Mary Nimmo Moran
Birth Date: May 16, 1842
Death Date: September 25, 1899
Artist Gallery
“The Moran family is the most famous one in the part of the country for the extent and variety of the divine gifts lavished upon it by the custodian of genius. There are 16 members of it who are painters, etchers and illustrators, and an even dozen of these are so near the head of their class that they are known at the Twelve Apostles” writes Francis Benson in 1893. Mary Nimmo Moran was one of the leading members of both the “Twelve Apostles” and of the American etching movement of the 1880s. Born in Stathaven, Scotland, May 16, 1842, Mary Nimmo came to America as a child and settled in Crescentville, Pennsylvania. Their Neighbors were the Morans who had moved to the same area in 1858. When Thomas returned from studying in England in 1862, he married Mary after a two-year courtship in 1863. By all accounts, Mary was vivacious, well liked, intelligent and warm, and her marriage to Thomas was well suited and happy for them both. In the 1870s the Morans built a summer home in Easthampton. She is said to have studied with her husband. About 1879 Moran took up etching. In her first attempt at etching in 1879 she coated her copper calling card plate and did the St.
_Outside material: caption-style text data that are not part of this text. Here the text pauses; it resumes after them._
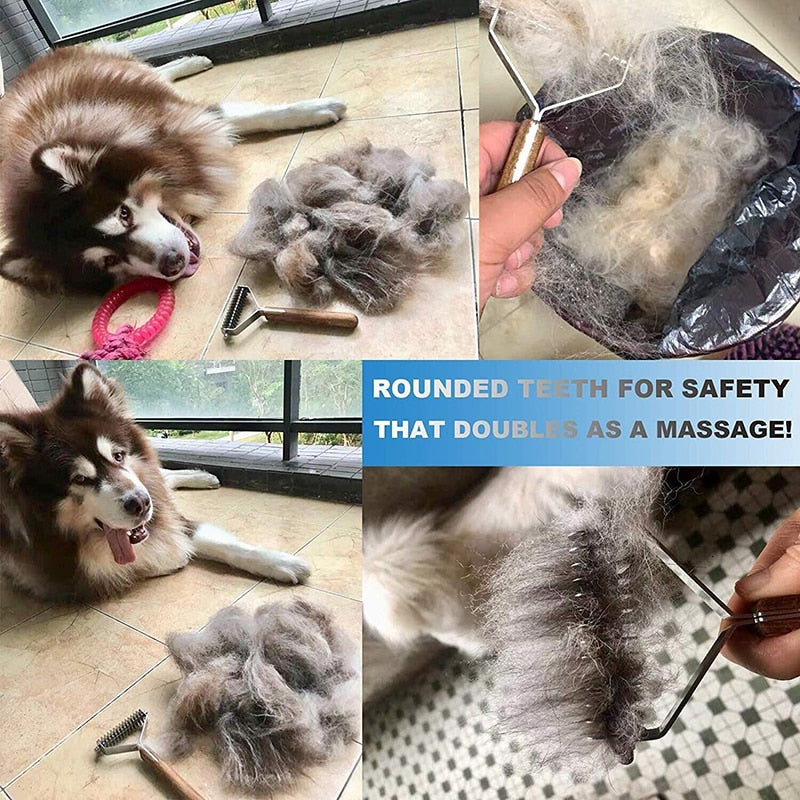 Dog Brush Dematting Gently Efficient Safe Pet Comb Rake Removes Undercoat Knots Wooden Handle Puppy Goomer - KiwisLove
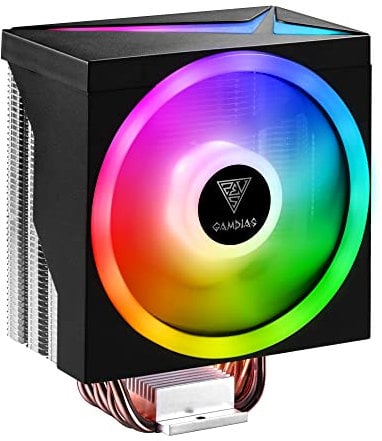 GAMDIAS BOREAS M1-610 CPU Cooler, CPU Air Cooler, CPU Fan, Direct Touch Contact, 6 Copper Heat Pipes, Dual Ring ARGB, Fully customizable ARGB lighting, Compatible with Intel & AMD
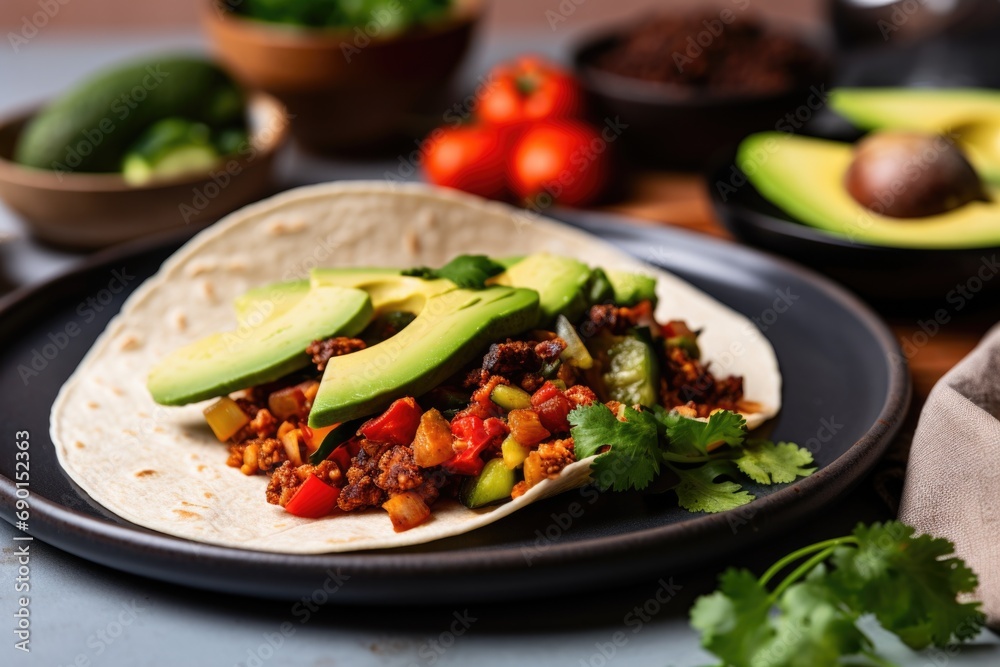 vegan taco with a side of avocado and chilli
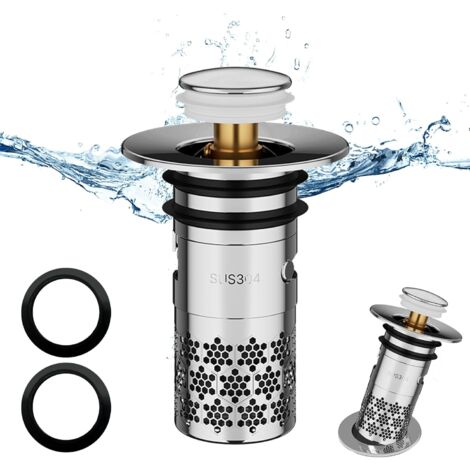Universal Bathroom Sink Stopper & Pop-Up Drain Filter - 2-in-1 Chrome Silver, Fits Most Sinks, Stops Hair Clogs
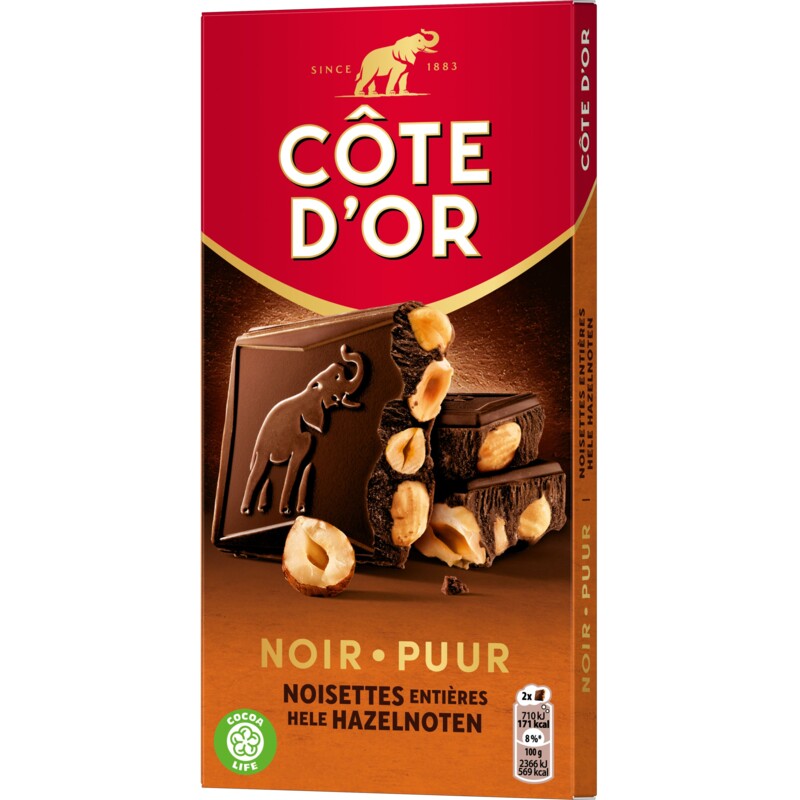Een afbeelding van Côte d'Or Reep puur hele hazelnoot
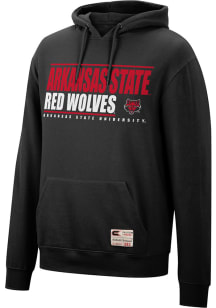 Colosseum Arkansas State Red Wolves Mens Black Team Name Mascot Authentic Long Sleeve Hoodie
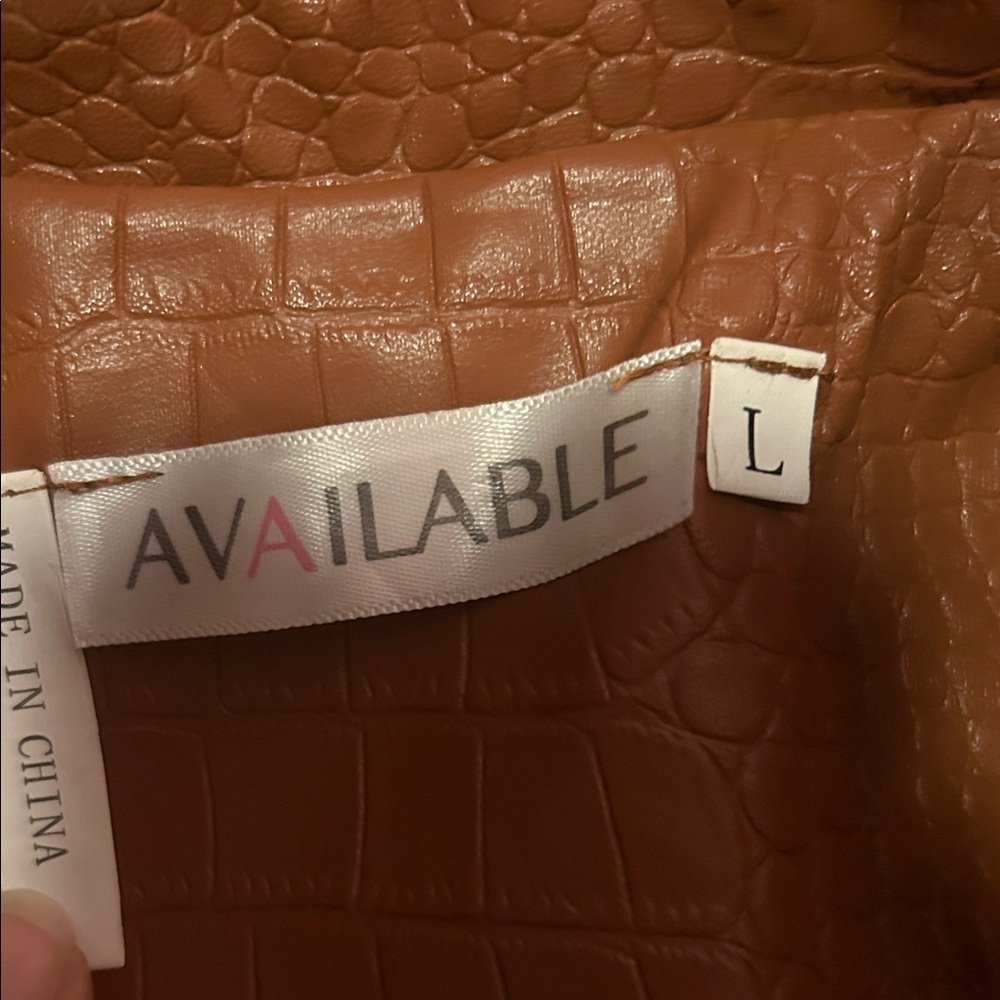 Stylish Crocodile Pattern Leather Jacket - Brown - image 2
John River scene. She had gone to Easton, Pennsylvania for the summer with her children. “One summer day she ventured about and in one hand she had her copper plate and in her other hand her daughter, Ruth according to Wilkins. She made a small sketch of a bridge across from the Bushkill River – she bit both plates and took impressions, and so her involvement in the art of etching began”. Moran’s daughter Ruth contracted typhoid fever in 1899 and in caring for her; Mary lost much of her own strength, and fell ill. Ruth recovered, but Mary Nimmo Moran passed away September 25, 1899. She is buried above Easthampton Town Pond on a hill in a family monument with trees, a windmill and the sea nearby. Alfred Trumble in the Klackner Catalogue of a join exhibition of Thomas and Mary in 1889 stated, “the success of Mrs. Mary Nimmo Moran as an etcher is due entirely to her devoted study of nature. Her research into its beauties is profound in every line she traces upon copper her subtle sympathy with nature is revealed”. Mary Nimmo Moran went on to become the foremost woman etching artist in America.